Though initial legislation limited cash handouts to the lower-income half of Iran's population, which forms the core of Ahmadinejad's political base, a parliamentary vote in November imposed changes that forced the Ahmadinejad administration to disburse money to all citizens who have registered to receive them, regardless of income class. More than 68.5 million people, or more than 90 percent of Iran's population, have registered for the subsidy payment, according to Iran's Ministry of Welfare.

The monthly payments were supposed to cost the government only a fraction of what it had been paying in subsidies, though that has become less certain. The payment amount was raised from $41 in January to $43 after the Iranian new year in March, will cost the government around $2.9 billion a month – a figure Iran-based economists say will become unsustainable in light of mounting inflation and a steep decline in oil sales that has decreased Iran's cash reserves.
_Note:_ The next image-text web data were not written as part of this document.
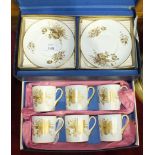 A set of six each Shelley 'Flowers of Gold' coffee cups and saucers, in fitted box.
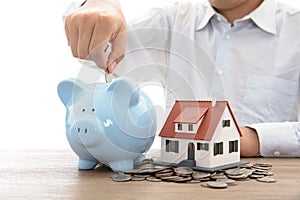 The man in the white shirt dropped the coin in the piggy bank next to the small house model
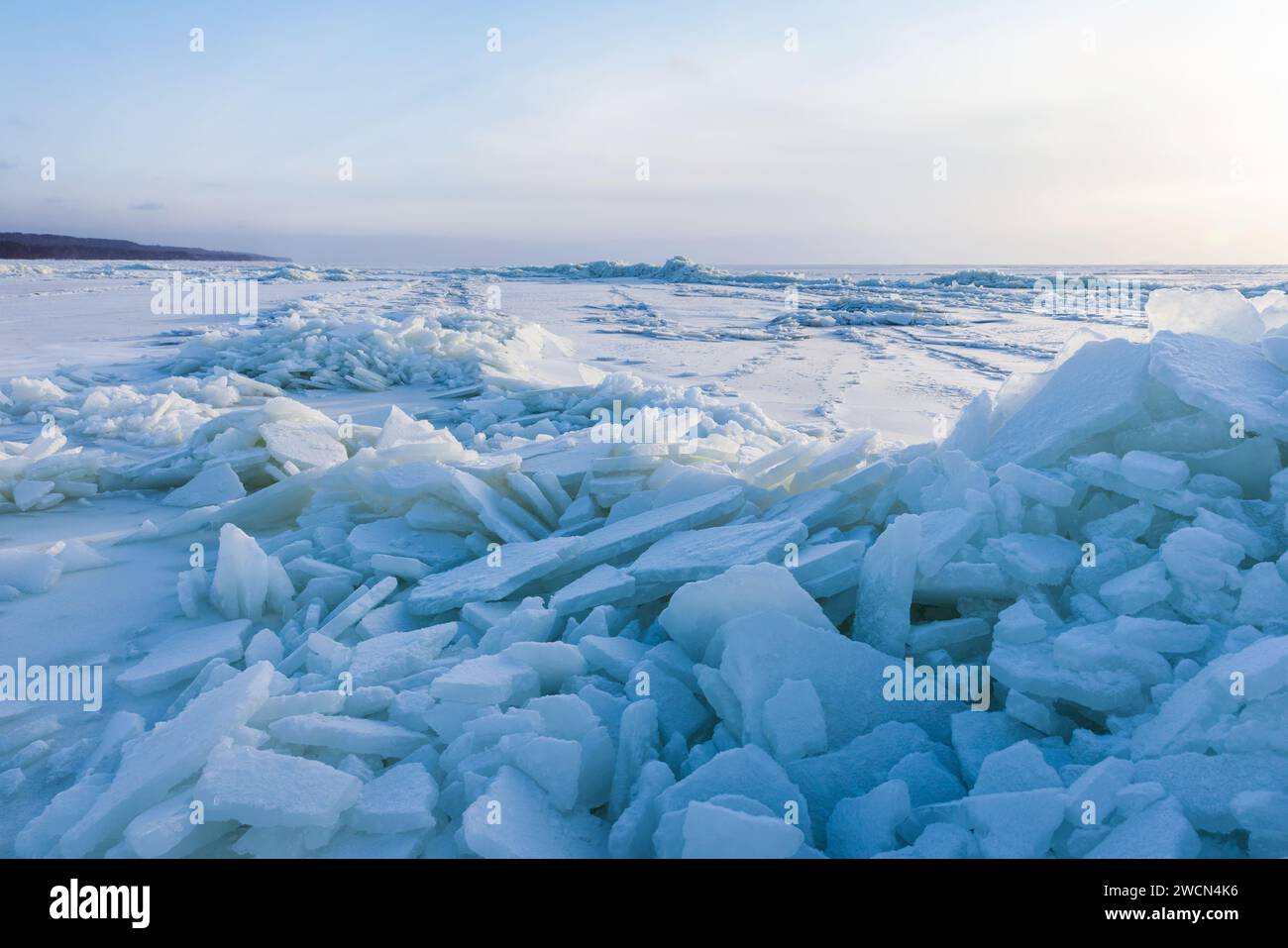 Photo de paysage avec des bosses de glace et de la neige sur une surface gelée de la mer Baltique par une journée ensoleillée d'hiver Banque D'Images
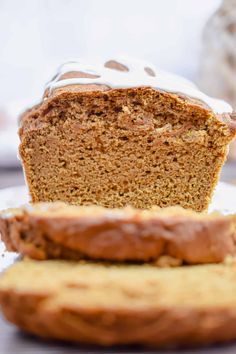 a loaf of bread sitting on top of a white plate next to a piece of cake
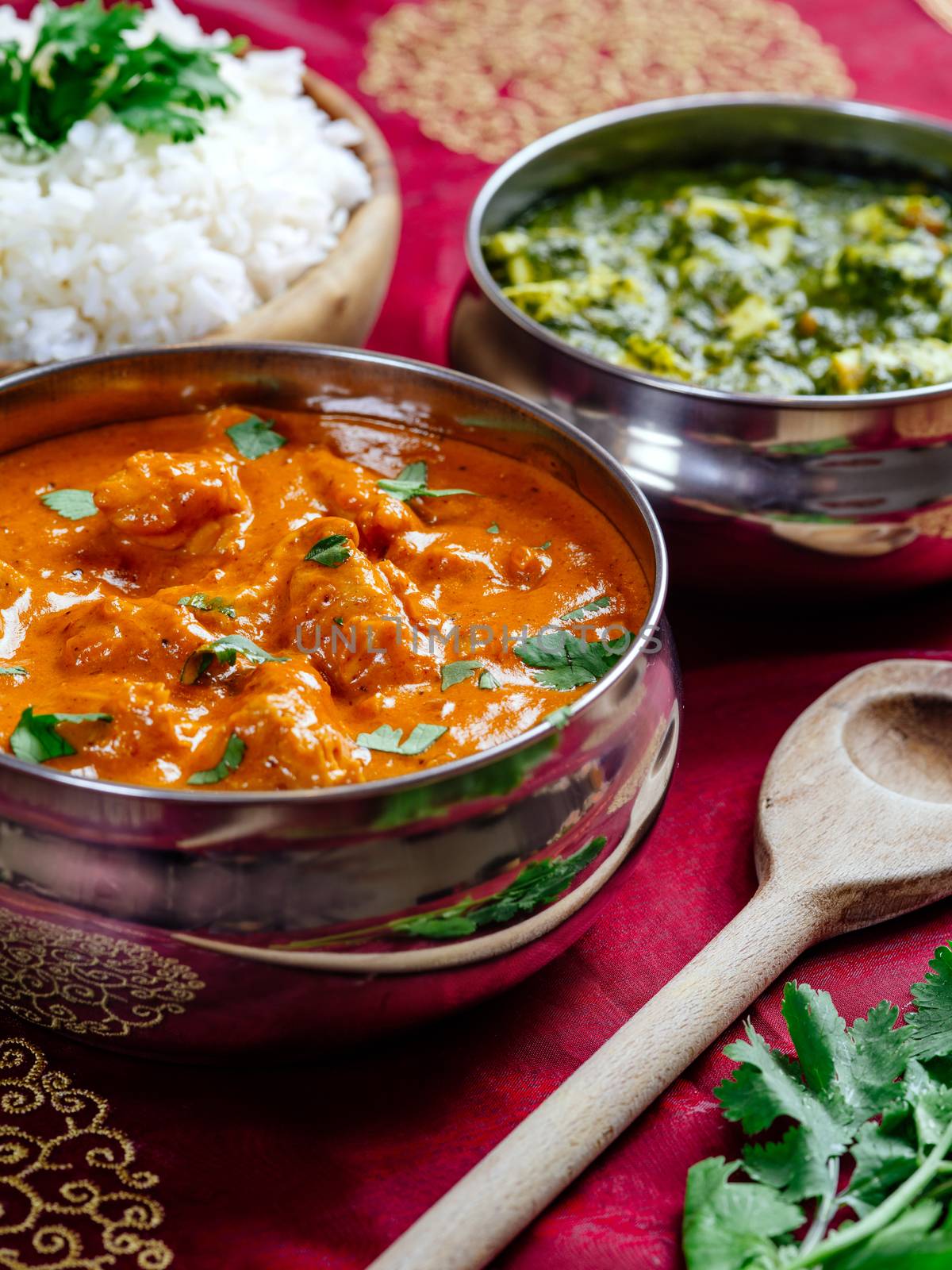Photo of an Indian meal of Butter Chicken, rice and Saag Paneer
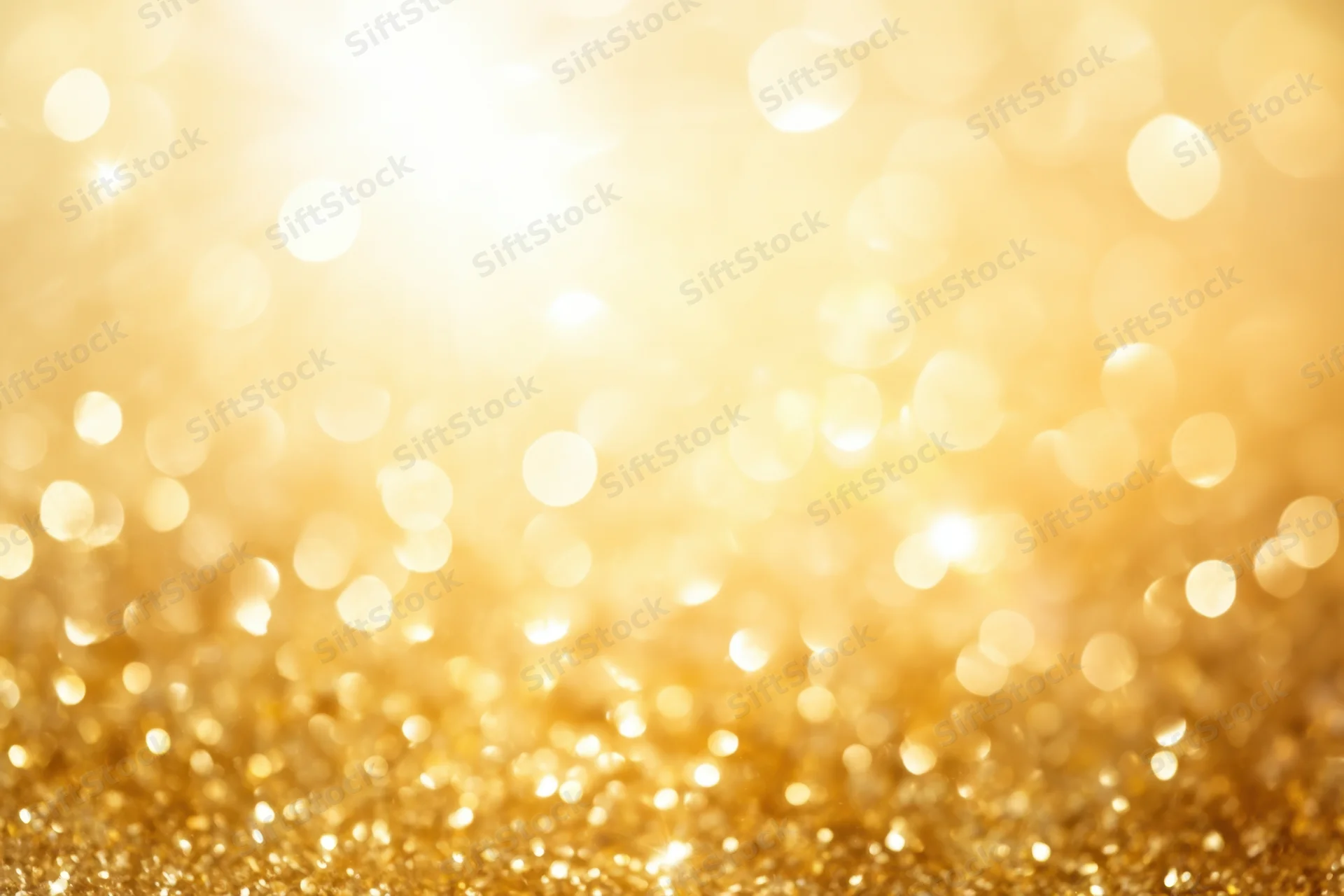 Golden glitter with soft bokeh lights creating a festive abstract background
The government will soon be forced to eliminate specific deciles of recipients, and the first to stop receiving cash payments will be the country's cash-strapped middle class, analysts say. This will have a crucial impact on the living standard of Iran's middle income families, which generally live on tighter budgets, use more electricity, and will be hit hardest when food prices rise on the back of price hikes in energy and transport. It poses critical political implications as well, since Iran's burgeoning middle class has for the last two decades served as the strongest base of support for reform inside the Islamic Republic. Economic hardship could reduce their will to fight for reform.

“There will be eliminations, probably within the next six months. Like any other middle class in the world, ours is leveraged to the hilt, so any change in budget is going to hit them,” says the Iran-based analyst. “The middle class is going to get really crushed.”